This Week in Voltage
The most important energy policy move of the month didn't come from the White House or a utility earnings call. It came from a four-paragraph order issued April 16 by the Federal Energy Regulatory Commission — and if you're paying attention to where civilization's electricity future gets decided, this is the document to read.
FERC announced it will act by end of June 2026 on a sweeping rulemaking to rewrite how large power users — defined as loads above 20 MW — connect to the U.S. transmission grid. The docket, RM26-4-000, was triggered by a DOE draft notice from October 2025 that named AI data centers explicitly as the forcing function behind "unprecedented current and expected growth of large loads." FERC reviewed more than 3,500 pages of public comments before issuing Thursday's order. That's not bureaucratic theater — that's a commission that knows the stakes.
The June deadline is the milestone to watch. Whatever FERC produces will set the rules for how the next generation of compute infrastructure plugs into American power. Get it wrong, and you've built a legal and logistical wall between AI ambition and electrical reality. Get it right, and you've opened the floodgates for the most consequential infrastructure buildout since the interstate highway system.
Deep Charge: Data Centers Aren't Tech Infrastructure. They're Power Infrastructure.
There's a framing problem at the center of every policy debate about AI data centers, and it's costing us time we don't have.
Politicians, regulators, and even most investors still categorize data centers as technology infrastructure — a cousin of server farms and fiber optic cables, something the tech industry builds and operates and the rest of us consume. That framing is wrong, and the FERC rulemaking exposes exactly why.
Data centers are electricity infrastructure. They are, functionally, large industrial loads that happen to produce computation instead of aluminum or steel. The policy questions they raise — grid interconnection, transmission capacity, cost allocation, reliability obligations — are the same questions we ask about smelters and chemical plants. The difference is scale and speed: no industrial category in American history has sought to add this much load this fast.
The DOE's October 2025 draft notice put it plainly: large loads like AI data centers must be able to connect to the transmission system "in a timely, orderly, and non-discriminatory manner" to support affordable, reliable, and secure electricity. That's the language of grid planning, not tech policy. And it signals that at least some corners of the federal government have made the conceptual leap.

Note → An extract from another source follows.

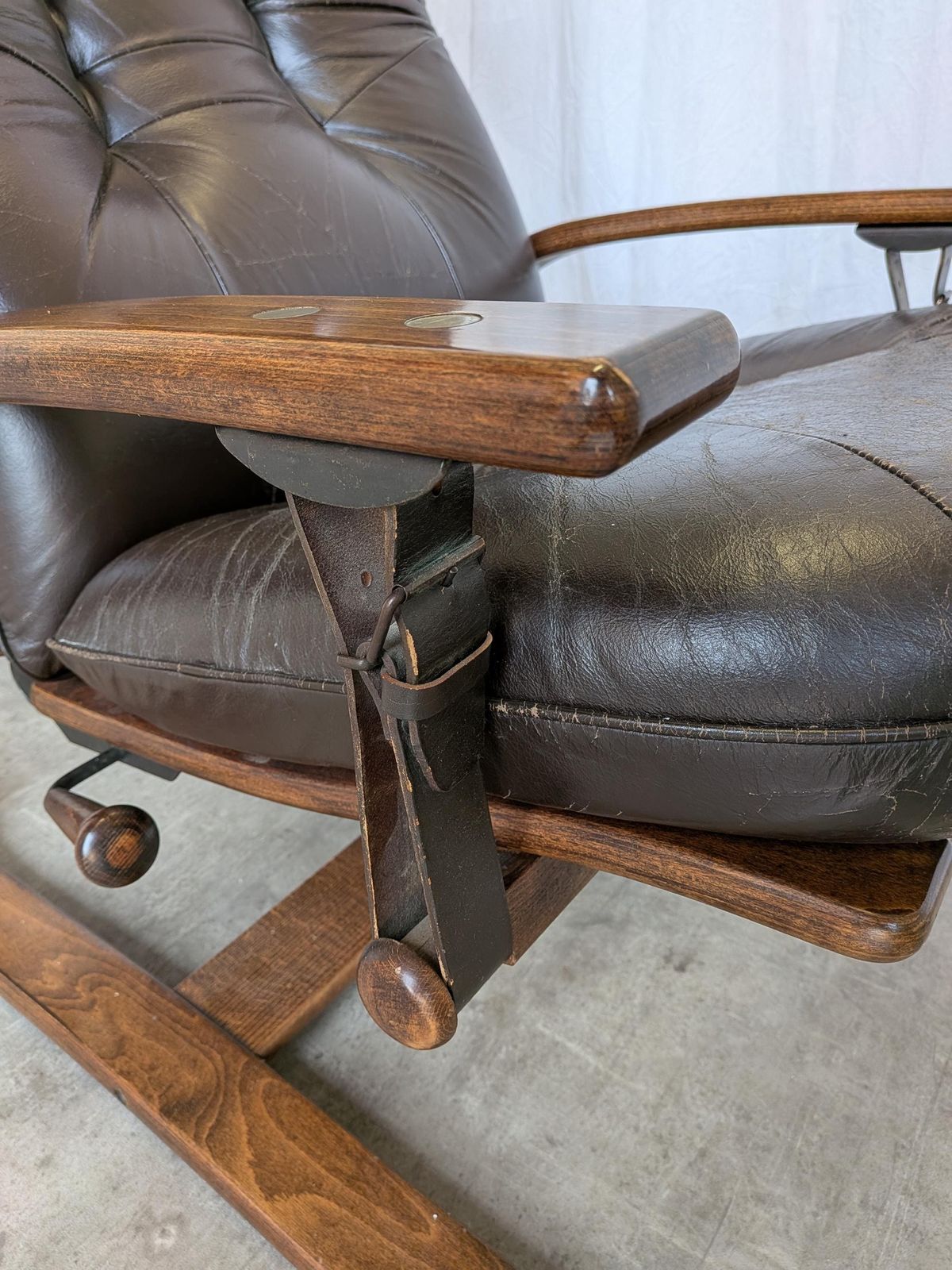 Vintage Panther Lounge Chair With Ottoman / Brown Leather Recliner Armchair / Bentwood Frame / Mid Century 1970s photo vintage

The Brookings analysis of AI's global energy demands — updated April 2, 2026 — frames the governance challenge clearly: rapid AI-driven data center growth is driving increasing electricity and water consumption worldwide, and international measurement, standards, and reporting tools are still catching up. The infrastructure is moving faster than the frameworks designed to manage it. That's not a crisis — it's an opportunity, if regulators move at the speed the moment demands.
FERC's June deadline suggests they understand this. The commission's December 2025 order directing PJM — the nation's largest grid operator — to establish transparent rules for large load co-location was an early test. June's rulemaking is the main event.
I'd argue the deeper issue is that we've been asking the wrong question. The debate has centered on whether data centers impose unfair costs on ratepayers, or whether they jump the interconnection queue ahead of other projects. Those are real concerns. But the civilizational question is different: what is the cost of not connecting them? Every month of delay in grid interconnection is a month of compute capacity that doesn't exist, AI capability that doesn't deploy, and economic output that doesn't materialize. The bottleneck isn't ambition. It's wire and regulatory process.
By the Numbers
- 20 MW — the threshold above which a load is classified as "large" under the FERC docket, the category that now includes most serious AI data center deployments
- 3,500+ pages — public comments reviewed by FERC before issuing its April 16 order, per FERC's own filing
- End of June 2026 — the hard deadline FERC has set for action on large-load interconnection rules
- $83 / $78 per barrel — Goldman Sachs's 2026 Brent/WTI forecast, per Reuters, with flagged two-way risks from Middle East uncertainty — a reminder that oil volatility keeps accelerating the economic case for electrification
What We're Fighting For
The FERC rulemaking in June isn't a regulatory footnote. It's a load-bearing wall in the structure of the next economy.
Every civilization-scale technology — railroads, electrification, the internet — required a moment when regulators stopped treating the new thing as a novelty and started treating it as infrastructure. We are at that moment for AI compute. The question is whether the rules we write in the next 60 days are built for the world we're entering or the world we're leaving.
Watch June. The wire is ready. The question is whether the rulebook catches up.